Now when we consider our daily lives, how our sinful nature spews forth a perpetual stream of squalor, how carnal and worldly we are due to the sin that dwells in us, this is an amazing thing; amazing and astonishing that God does not reject us, tire of us or abandon us, but rather He continually cherishes us, cleanses us and restores us to Himself. May we who are the objects of such lavish affection cease our sins by the power of His Spirit, and express the same love to others.
As part of the Sanctus we also sing Blessed is He that comes in the name of the Lord! Please zero in on the word "He" and learn from it to look only to Jesus, not to ourselves, other people, or to any false god or vain philosophy, to do what only Jesus can: to destroy the works of the devil, who is the sum of all evil.

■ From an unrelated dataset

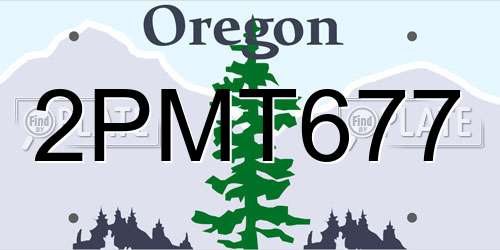 2PMT677 Oregon License Plate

Martin Luther (after whom no boulevards are named) says in his explanation of the Last Petition, "Deliver us from evil," that this petition includes, "all the evil that may befall us under the devil’s kingdom: poverty, shame, death, and in short all the tragic misery and heartache of which there is so incalculably much on earth." These are the things that Jesus conquered on the cross. Yes, they still occur in the world and we can be caught in the crossfire. They can hurt us, but they cannot harm us. Like the man in today's gospel lesson the devil might throw us to the ground, but we rise up unharmed because nothing in all of creation, not even death, can separate us from the love of God which is found in the Sacrament we here receive. Yes, we live in the world and are subject to its sorrow, not only this, but as often as we give in to temptation we contribute to the problem, and invite the torment of demons. Don't do that! Instead "depart in peace" from the Lord's altar and practice the Christian virtues of faith, hope and above all love, which does not rejoice at wrongdoing, but rejoices with the truth.
We also sing Hosanna as part of the Sanctus because it too describes what happens in the Eucharist. Hosanna is a fervent prayer for God to come to the rescue of His people, but in the church it took on a new meaning, so that for us it is an expression of praise and thanksgiving that God sent His Son to be our Savior; one that is most perfectly expressed as often as we eat this Bread and drink this Cup.
The Sanctus we sing in our communion liturgy does three things, then. It recalls the events of the past, that God, in Christ intervened in our fallen world, not to fix it or to improve it, but to redeem it by the death of His Son. It recognizes that in Holy Communion Jesus, who once came to save us, comes to us now as well, to rescue us from our ongoing offenses; to continually cleanse us; to keep us safe from the demons that would possess the heart swept clean by His body and blood; and to be with us as He promised, so that we need never go through the sorrows and disappointments of life alone, or face death alone, but with Jesus who is with us, for us and in us. It confesses that Christ who once came, and who comes to us now in the church, will also come again, for the Supper we partake in is a taste of the things to come; a true taste, but only a taste. The fulfillment is yet to come. When that hour comes we will no longer see through a glass darkly, but behold God face to face. We will know Him, even as He knows us, which is perfectly and completely. It is a blessed knowledge and communion that will never end, and one that will transform us and restore us to the glorious creatures God made us to be. Come quickly Lord Jesus. Amen.